No seguimento das suas conclusões, na 6ª a autora diz que “pretende a resolução da doação.” E continua: “Assim, e sem necessidade de revermos a prova produzida (da qual estabelecemos já considerações), claramente se retira pelo peticionado que, se a recorrente soubesse do rumo que a sua relação teria com a Gracinda e o Luís, e se soubesse das intenções de abandono dos mesmos, nunca teria feito a doação (facto que os mesmos não ignoram nem poderiam ignorar) motivo pelo qual subsumimos os factos a Erro na Declaração.”.
E na conclusão 8ª conclui, “Assim, deverá poder a Autora resolver o contrato, ou, quanto muito, considerar-se que o mesmo não corresponde à sua vontade motivo pelo qual é anulável.”.
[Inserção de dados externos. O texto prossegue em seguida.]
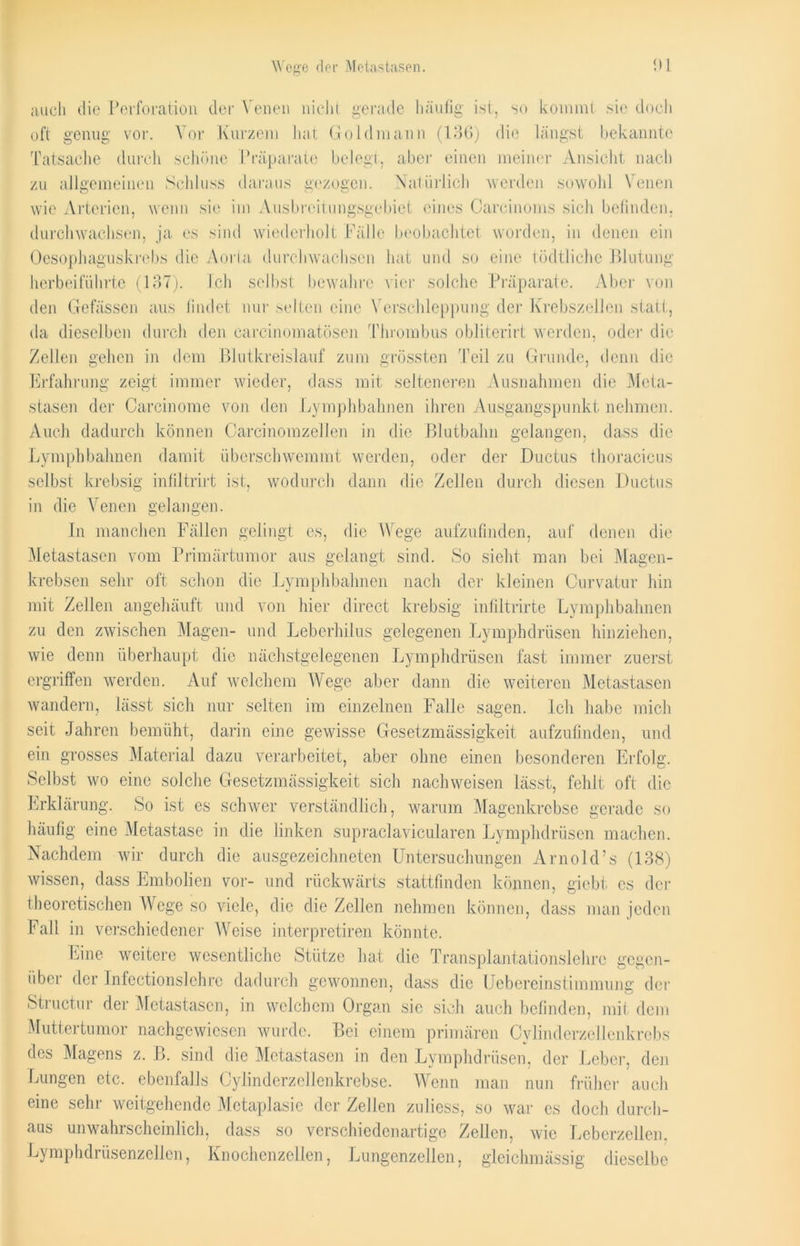 auch die Perforation der Venen nicht gerade häufig ist, so kommt .sie doch oft genug vor. Vor Kurzem hat Gold mann (136) die längst bekannte Tatsache durch schöne Präparate belegt, aber einen meiner Ansicht nach zu allgemeinen Schluss daraus gezogen. Natürlich werden sowohl Venen wie Arterien, wenn sie im Ausbreitungsgebiet eines Careinoms sich befinden, durchwachsen, ja es sind wiederholt Fälle beobachtet worden, in denen ein aguskrebs die Aorta durchwachsen hat und so eine tödtliche Blutung herbei führte (137). Ich selbst bewahre vier solche Präparate. Aber von den Gefässen aus findet nur selten eine Verschleppung der Krebszellen statt, da dieselben durch den carcinomatösen Thrombus obliterirt werden, oder die Zellen gehen in dem Blutkreislauf zum grössten Teil zu Grunde, denn die Erfahrung zeigt immer wieder, dass mit selteneren Ausnahmen die Meta- stasen der Careinome von den Lymphbahnen ihren Ausgangspunkt nehmen. Auch dadurch können Carcinomzellen in die Blutbalm gelangen, dass die Lymphbahnen damit überschwemmt werden, oder der Ductus thoracicus selbst krebsig infiltrirt ist, wodurch dann die Zellen durch diesen Ductus in die Venen gelangen. In manchen Fällen gelingt es, die Wege aufzufinden, auf denen die Metastasen vom Primärtumor aus gelangt sind. So sieht man bei Magen- krebsen sehr oft schon die Lymphbahnen nach der kleinen Curvatur hin mit Zellen angehäuft und von liier direct krebsig infiltrirte Lymphbahnen zu den zwischen Magen- und Leberhilus gelegenen Lymphdrüsen hinziehen, wie denn überhaupt die nächstgelegenen Lymphdrüsen fast immer zuerst ergriffen werden. Auf welchem Wege aber dann die weiteren Metastasen wandern, lässt sich nur selten im einzelnen Falle sagen. Ich habe mich seit Jahren bemüht, darin eine gewisse Gesetzmässigkeit aufzufinden, und ein grosses Material dazu verarbeitet, aber ohne einen besonderen Erfolg. Selbst wo eine solche Gesetzmässigkeit sich nachweisen lässt, fehlt oft die Erklärung. So ist es schwer verständlich, warum Magenkrebse gerade so häufig eine Metastase in die linken supraclavicularen Lymphdrüsen machen. Nachdem wir durch die ausgezeichneten Untersuchungen Arnold’s (138) wissen, dass Embolien vor- und rückwärts stattfinden können, giebt cs der theoretischen Wege so viele, die die Zellen nehmen können, dass man jeden Fall in verschiedener Weise interpretiren könnte. Eine weitere wesentliche Stütze hat die Transplantationslehre gegen- über der Infectionslehre dadurch gewonnen, dass die Uebereinstimmung der Structur der Metastasen, in welchem Organ sie sich auch befinden, mit dem Muttertumor nachgewiesen wurde. Bei einem primären Cvlinderzellenkrebs des Magens z. B. sind die Metastasen in den Lymphdrüsen, der Leber, den Lungen etc. ebenfalls Cylinderzellenkrebse. Wenn man nun früher auch eine sehr weitgehende Metaplasie der Zellen zuliess, so war cs doch durch- aus unwahrscheinlich, dass so verschiedenartige Zellen, wie Leberzellen, Lymphdrüsenzellen, Knochenzellen, Lungenzellen, gleichmässig dieselbe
Ora, com o devido respeito, é evidente que a questão da anulação, agora trazida aos autos em sede de recurso, não pode ser apreciada nesta sede, uma vez que sobre ela não se pronunciou a 1ª instância, já que a mesma não foi colocada à sua apreciação, configurando assim questão nova insusceptível de apreciação por este Tribunal. Sendo que, a 1ª instância, não cometeu qualquer irregularidade ou omissão de pronúncia, esta questão não lhe foi colocada, pois, só, agora, a autora a colocou em sede de recurso e, como é evidente, não se trata de questão que possa ser apreciada oficiosamente. O tribunal de recurso não pode conhecer questões novas, questões não suscitadas na 1ª instância.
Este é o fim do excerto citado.